Again, I don't want to shut down the conversation. The orgasm gap is very real. My partner stubbornly believes that I'm exceptional, that ladygasms usually take a lot of work, and even that many women aren't capable of having them. Some men I have known didn't even try. They were confused or amused that orgasms were important to me. One even assured me I didn't need to orgasm, he was happy anyway - as if my orgasm was somehow for his gratification! Also, my partner refuses to believe that banging doesn't cause orgasms in women, because "if that were true, we would all know about it, and besides, I've had women come just from intercourse lots of times". (I, on the other hand, am convinced many of his previous partners faked their orgasms to satisfy his need to be a good lover and get him to stop already. Especially his first girlfriend, who he claims would consistently orgasm as soon as he put it in.)

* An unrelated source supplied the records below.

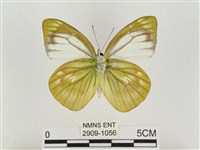 淡褐脈粉蝶藏品圖，第2張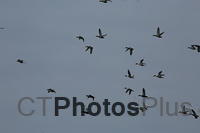 Ducks in flight IMG 9999 142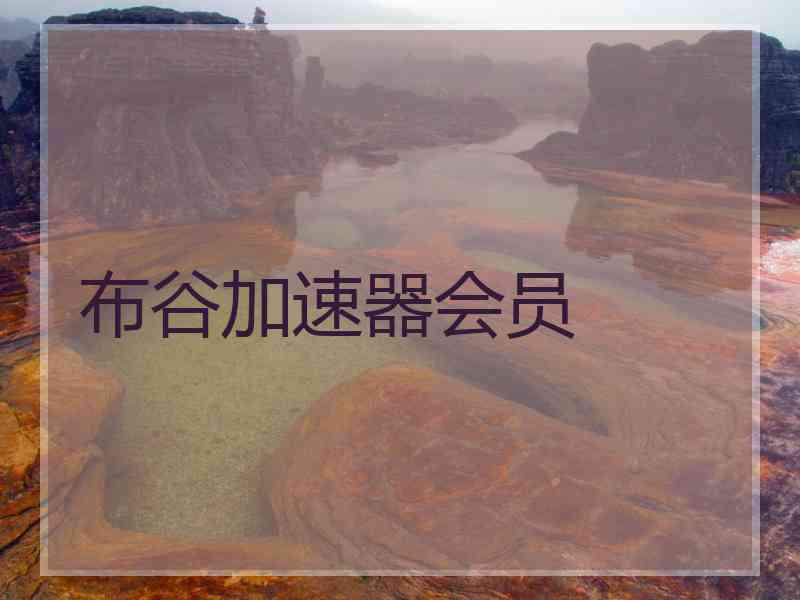 布谷加速器会员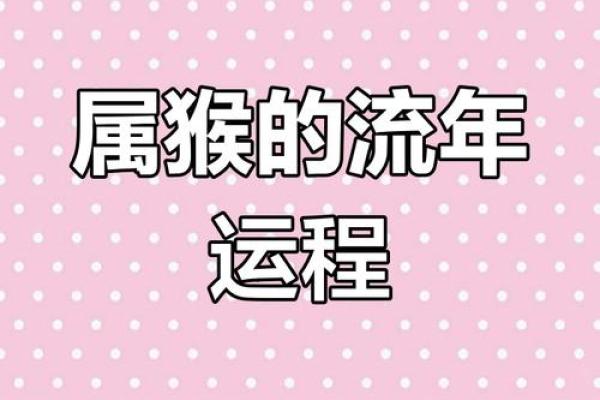 68年的属猴男今年运势怎么样_68年属猴男2023年运势解析财运事业感情全揭秘
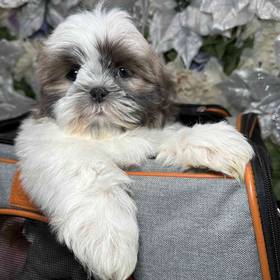 Shih Tzu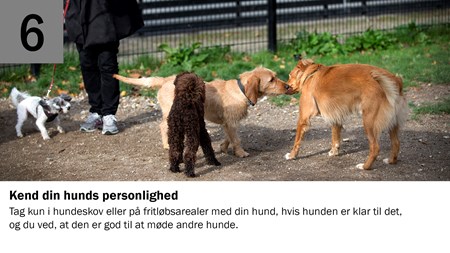 6. Kend din hunds personlighed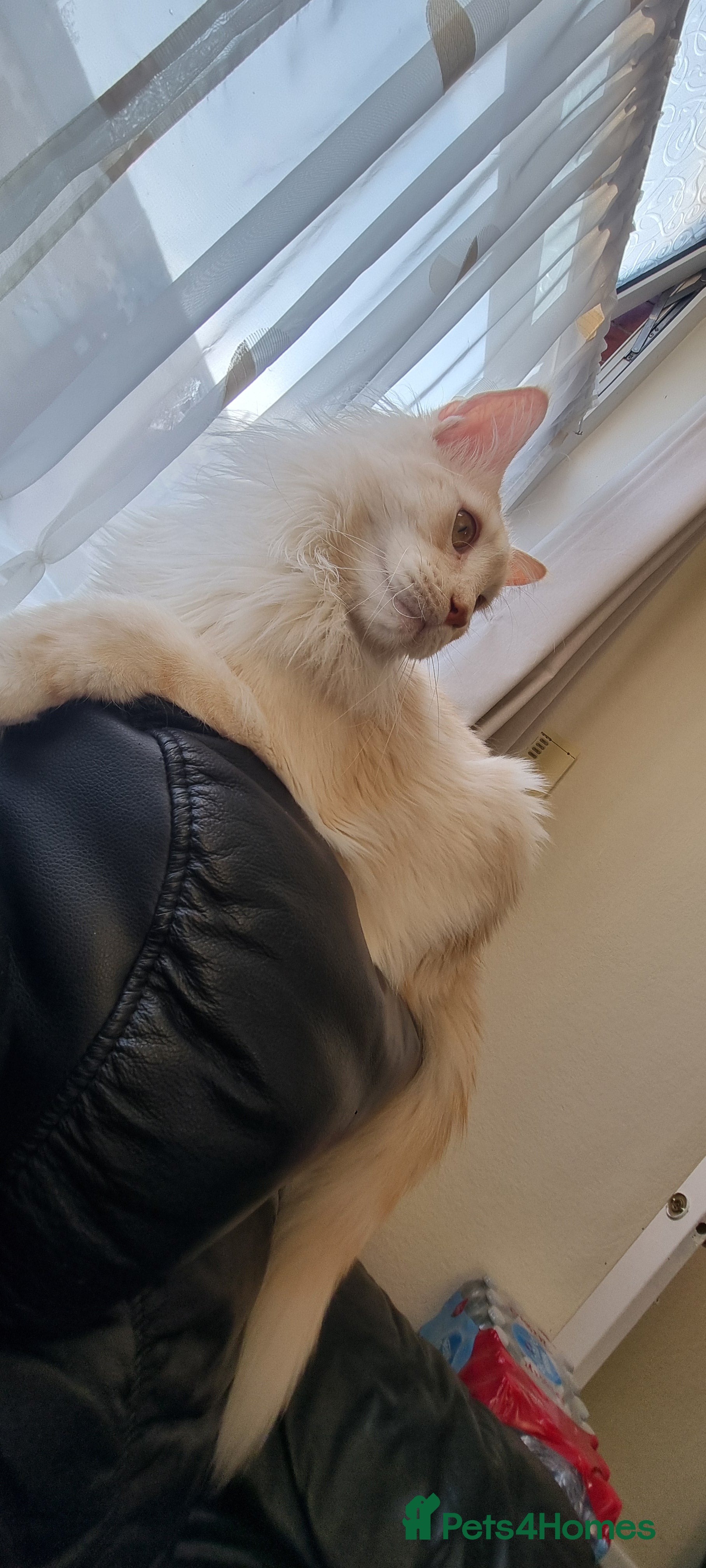 Maine Coon cats Beautiful Maine Coon Male - Advert 1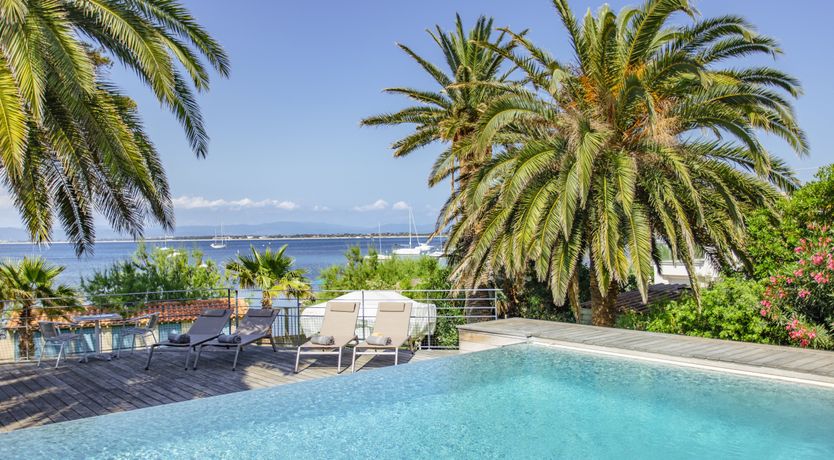 Photo of Golden Promise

This is getting long and rambly, so I'll summarize: I don't want to put on bravado, but I exist and my orgasms are real. I do see myself as a sexual person, but I don't think that's necessary for having orgasms if you want to. Giving priority to your own orgasms is a good thing, and not in conflict with being a generous lover. It can even be beneficial for your partner.
Maybe I'm over-simplifying. There are men who react badly when women ask for what they want and insist that they get it. There are men who get off on inequality and see the orgasm gap as a feature, not a bug. There is harassment and coercion and rape, and, speaking of personal beliefs, I think every single woman has had such experiences, at least to some degree, whether or not she interprets it that way.
I don't think this was what you were writing about though.
We all have a lot of shit baggage. There is a voice in my head telling me how pathetic I am to enjoy make-up and sexy lingerie when I'm pushing 50, with a body shaped by pregnancies and yoyo dieting. "Mutton dressed as lamb", indeed. Changing one's own internal discourse is hard.
Pretending that orgasms are easy for all women is disastrous, but telling ourselves that struggling is inevitable isn't helpful either.